As to what happens, it is a combination of factors: in some cases strip mining the assets is enough to pay pack those creditors, while drying up the revenue stream that it had been producing to service their existing debt. In some cases the lenders are just suckers, and as long as the money managers that are acting as intermediaries get their commission they don’t care. In others maybe they do eventually have to write down some of the debt but they loaned the money at such an outrageous interest rate (the original borrower doesn’t care, they don’t have to pay it back) that they make money even if they officially have a “loss” of principal.
[quote]With it being old debt, you’d start to expect that the debt issuers to otherwise healthy pre-PE firms would add covenants on the debt that would protect (although not protect employees as creditors) in the case of a PE buyout.
[/quote]
The companies are not necessarily “otherwise healthy” – depending on your point of view. PE companies prey on struggling companies, because those are the cheapest to buy out. And PE firms can apply a lot of dirty tactics to suppress the value prior to a buyout – PR campaigns and independent consulting reports that bring into question the ability of the company to continue operating can be enough to scare the creditors and existing stockholders to take any deal even if in reality it is going from an uncertain future to one that will certainly go bankrupt.

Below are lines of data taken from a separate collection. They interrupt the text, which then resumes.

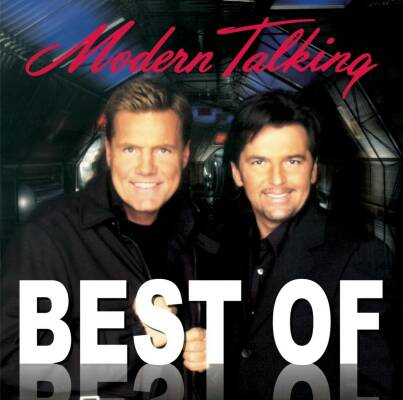 Modern Talking - Best Of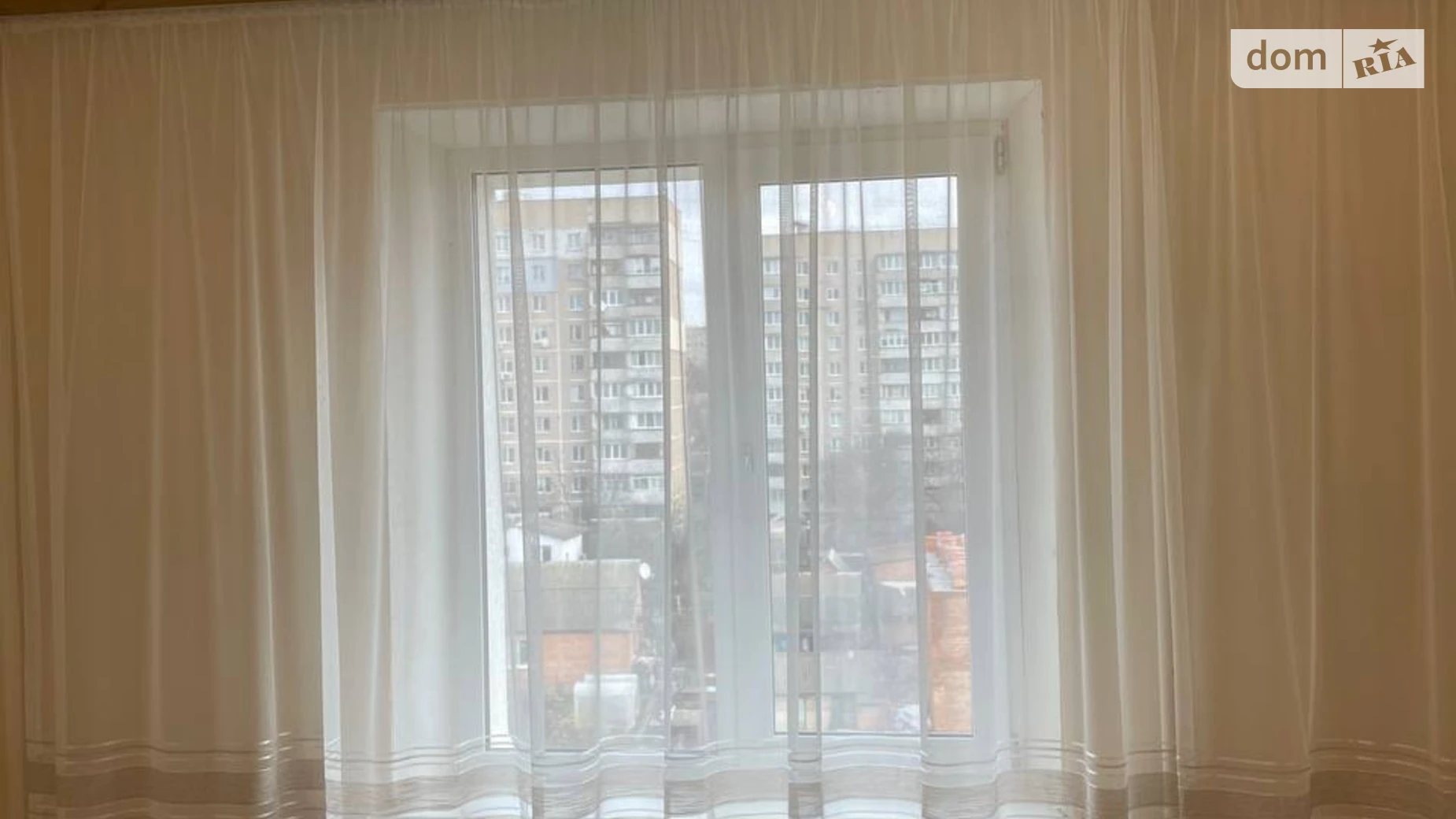 Сдается в аренду 3-комнатная квартира 66 кв. м в Виннице, ул. Дачная, 9А - фото 3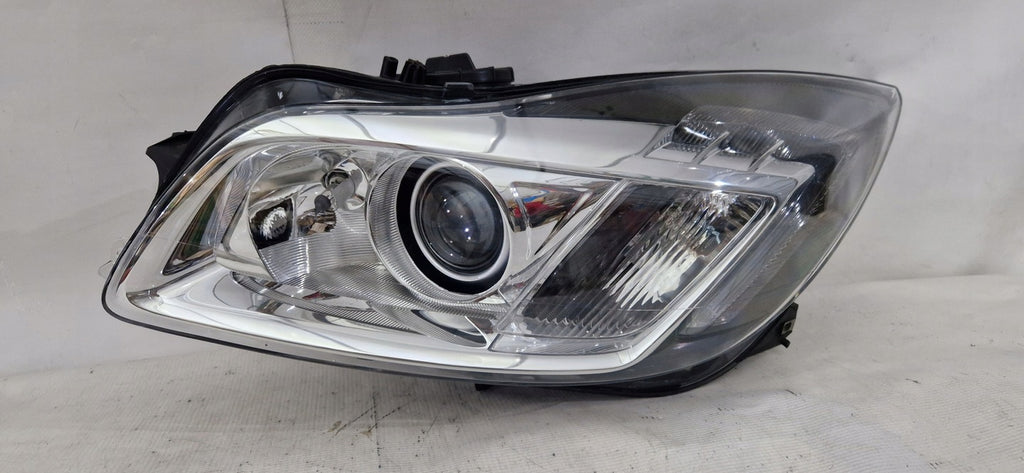 Frontscheinwerfer Opel Insignia A 1ZT009631-01 13226792LH Xenon Links Headlight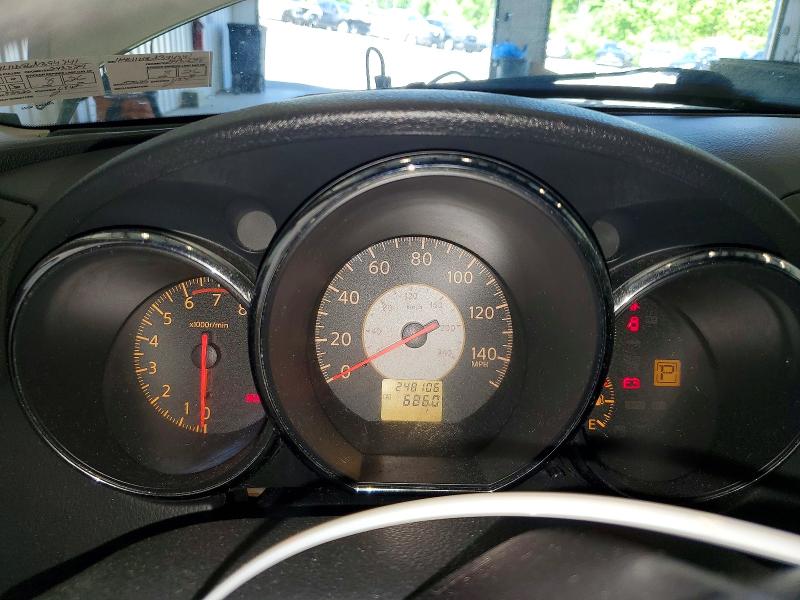 Продажа на аукционе авто 2006 Nissan Altima, vin: 1N4AL11D86N394741, номер лота: 56587876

That’s the kicker. Private equity firms make more money off of a company failing than succeeding to pay off its debts. The moment a company pulls that off they lose any chance to parting out assets to the highest bidder. It’s what was a hallmark of the 1980s. It’s not a fluke that Richard Gere’s character in pretty woman was one of those characters because that was the norm and still is to this day.
Maybe the problem is capitalism.
According to research, PE firms performed better than their publicly traded counterparts.